How Does The European Union Differ From The Eurozone.
The European Union
The European Union consists of 28 independent member states which have joined together to form an economic and political union. The historic roots are found in 1957 with the creation of the European Coal and Steel Community and the European Economic Community. The primary motivation was the preservation of European peace as it was believed that by binding member states together economically armed conflict between them would become far less likely. The nucleus created by these organizations consisted of six member states: Belgium, France, Germany, Italy, Luxembourg and the Netherlands.
European Union Map
History of the Union
Since 1957 new members have joined, new treaties have been signed and the name has evolved from the “Common Market” to the “European Community” and finally to the European Union. As of November, 2011 the Union consists of 27 member states. The EU is a single market, meaning that a standardized set of laws applies in all member countries. For the most part travel between member states is free of passport and border restrictions. At the most basic level the intention of the Union is to provide for “the free movement of people, goods, services, and capital.” Common policies are enacted on a wide-range of policy areas including justice and law enforcement, agriculture, health and the environment, regional development, fisheries, energy and climate change. The Union has an area of a little more than 1.5 million square miles and a population of just over 502 million, or about 7% of the world’s people. The Union’s nominal GDP is approximately $US16 trillion, or about 20% of world GDP.
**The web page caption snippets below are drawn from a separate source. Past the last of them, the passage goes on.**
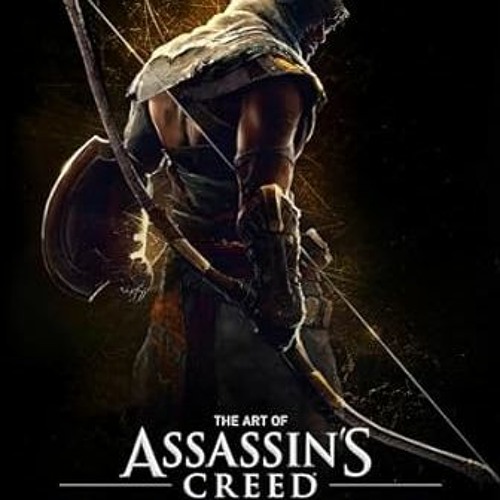 [Read] E-book The Art of Assassin's Creed Origins Written by  Paul Davies (Author)  [*Full_Online]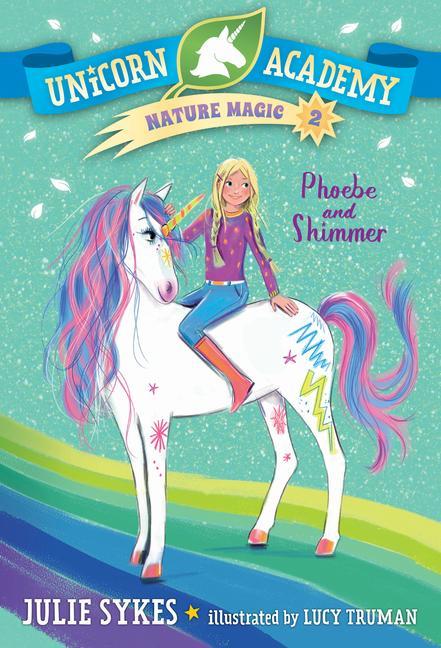 Könyv Unicorn Academy Nature Magic #2: Phoebe and Shimmer Lucy Truman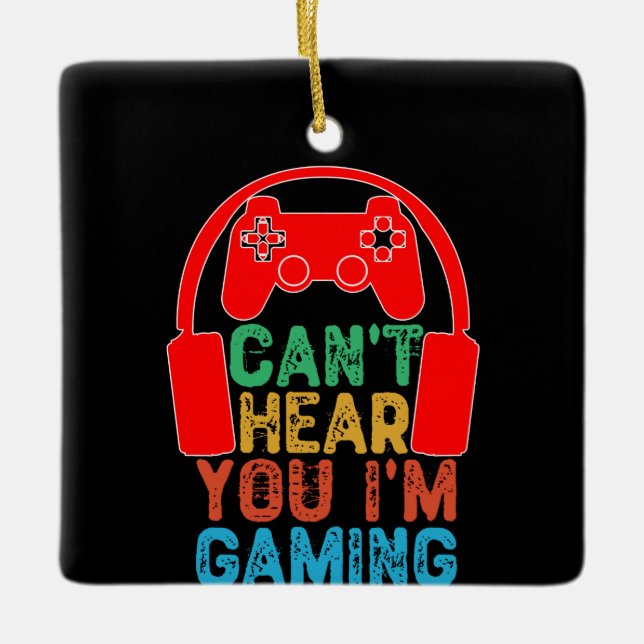 Can't Hear You I'm Gaming Ceramic Ornament (Front)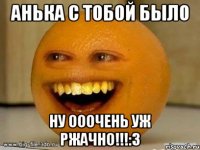 Анька с тобой было ну ооочень уж ржачно!!!:3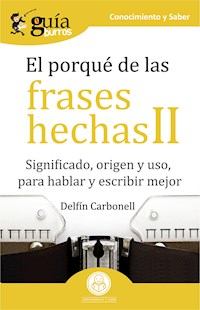GuíaBurros El porqué de las frases hechas II - Delfín Carbonell - ebook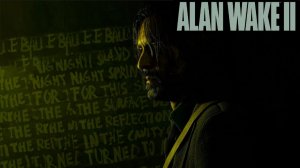 Alan Wake 2 ◉ Прохождение ➤ Часть: 4 ➤ Аттракцион.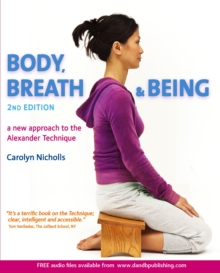 Body, Breath and Being: A new guide to the Alexander Technique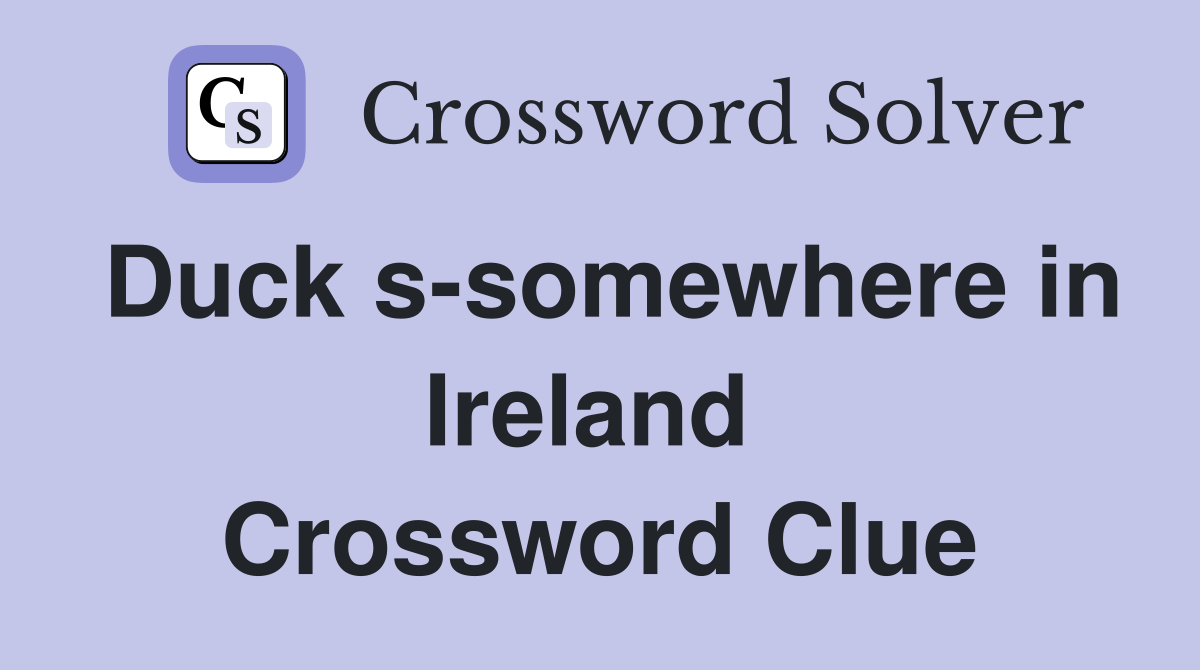 Duck s-somewhere in Ireland  Crossword Clue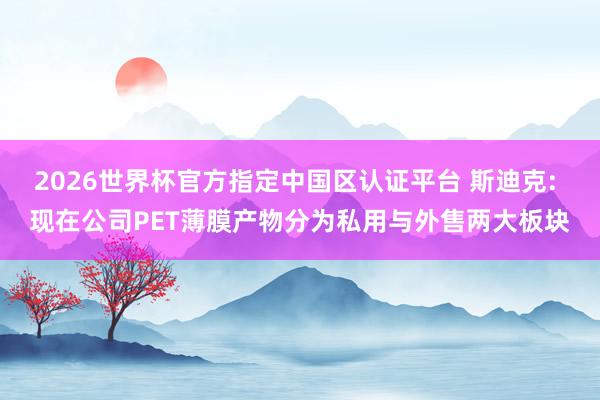 2026世界杯官方指定中國(guó)區(qū)認(rèn)證平臺(tái) 斯迪克: 現(xiàn)在公司PET薄膜產(chǎn)物分為私用與外售兩大板塊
European Union and the Eurozone
The Eurozone is a subset of those European Union member states that have fully incorporated the euro as their sole national currency. There are currently 17 such states: Austria, Belgium, Cyprus, Estonia, Finland, France, Germany, Greece, Ireland, Italy, Luxembourg, Malta, the Netherlands, Portugal, Slovakia, Slovenia, and Spain. Monetary policy for the Eurozone is under the authority of the European Central Bank. The bank was established by the Treaty of Amsterdam in 1998 and is one of the world’s most important central banks. The euro itself is, after the USD, the second largest reserve currency and second most traded currency in the world.
The Eurozone is currently seen to be undergoing a sovereign debt crisis which threatens the value of the euro and may lead to the expulsion of at least one member state. Greece has the most severe problem and is teetering on the edge of default, though other countries find themselves in similar circumstances, including Italy, Portugal, Spain and Ireland. It is unclear what sort of cascading consequences might take place elsewhere in the global economy under different resolutions of the current crisis. Prior to the 2008 financial crisis there was no provision by which the Eurozone could bailout member countries in crisis. Provision has since been made, and there is potential involvement from the IMF (International Monetary Fund) as well. As a practical matter Eurozone bailouts are funded by the two strongest economies, Germany and France. There are mechanisms in place, as there are in the IMF, to dictate austerity measures and other budgetary changes as a prerequisite for bailout funds. As in somewhat analogous situations, for example in some countries in Latin America, the possibility for significant social unrest definitely exists.
While the resolution of the current crisis is difficult to predict, there is no doubt that, on the whole, both the European Union and the Eurozone have been quite successful. The EU is one of the most stable and influential political entities on earth and its citizens enjoy, on average, a standard of living that is not significantly surpassed anywhere else.